Records drawn from a dataset:

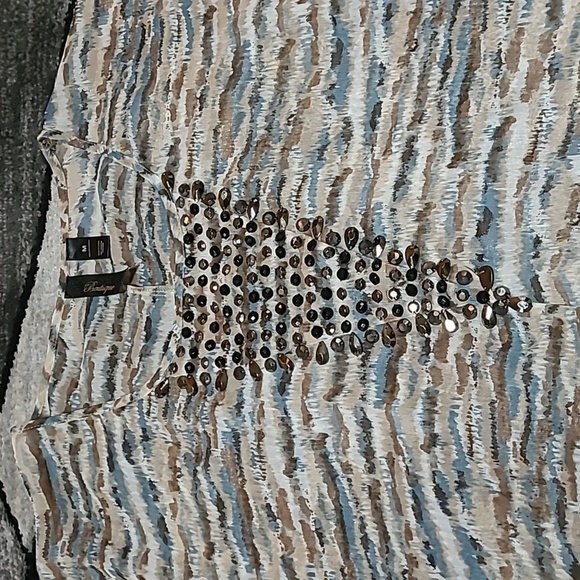 BKE BOUTIQUE SHEER STUDDED SCOOP-NECK DROPTAIL SHIRT - Picture 2 of 14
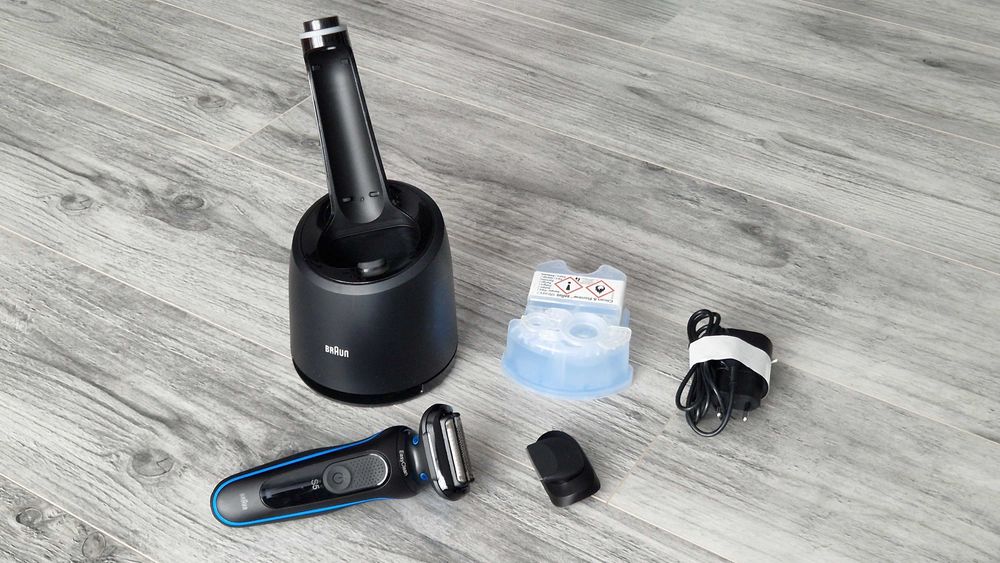 Golarka, maszynka do golenia BRAUN Series 5 + baza czyszcząca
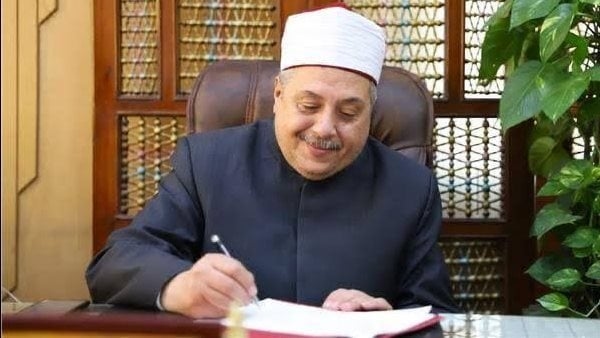 لغرس قيم الانضباط بين الطلاب، المعاهد الأزهرية يطلق مبادرة «قطاراتنا مرآة حضارتنا»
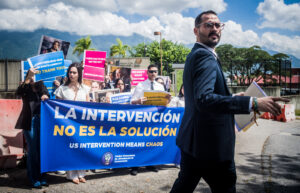 Jóvenes protestan frente a embajada de EEUU en Caracas para rechaza intervención militar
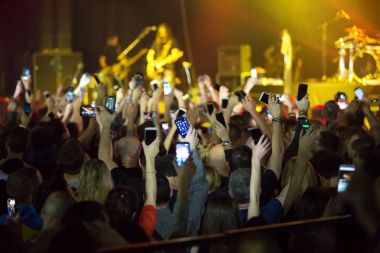 Konserde kalabalık ve bulanık sahne ışıkları .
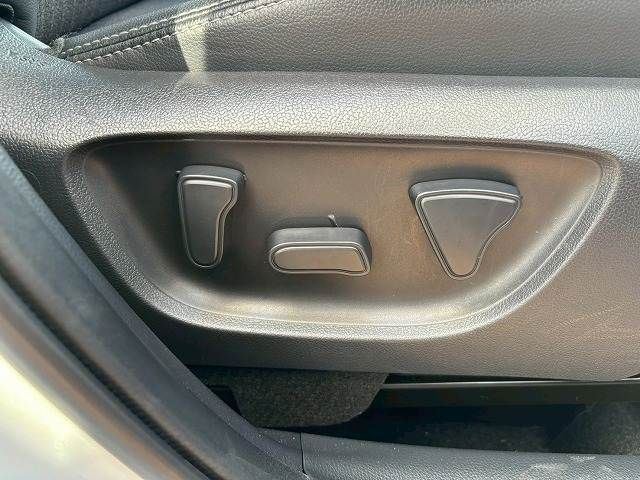 TOYOTA YARIS CROSS HYBRID 2023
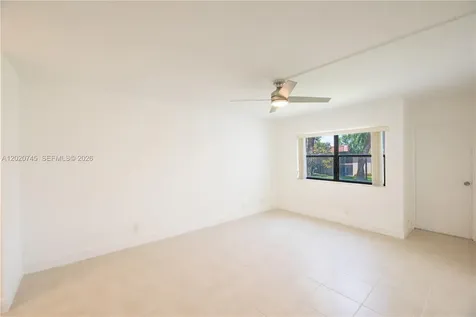 200 Lakeview Drive Weston FL 33326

What this task involves: Pictures aren't part of the copy; return each record above exactly.

Answer space:
 BKE BOUTIQUE SHEER STUDDED SCOOP-NECK DROPTAIL SHIRT - Picture 2 of 14
 Golarka, maszynka do golenia BRAUN Series 5 + baza czyszcząca
 لغرس قيم الانضباط بين الطلاب، المعاهد الأزهرية يطلق مبادرة «قطاراتنا مرآة حضارتنا»
 Jóvenes protestan frente a embajada de EEUU en Caracas para rechaza intervención militar
 Konserde kalabalık ve bulanık sahne ışıkları .
 TOYOTA YARIS CROSS HYBRID 2023
 200 Lakeview Drive Weston FL 33326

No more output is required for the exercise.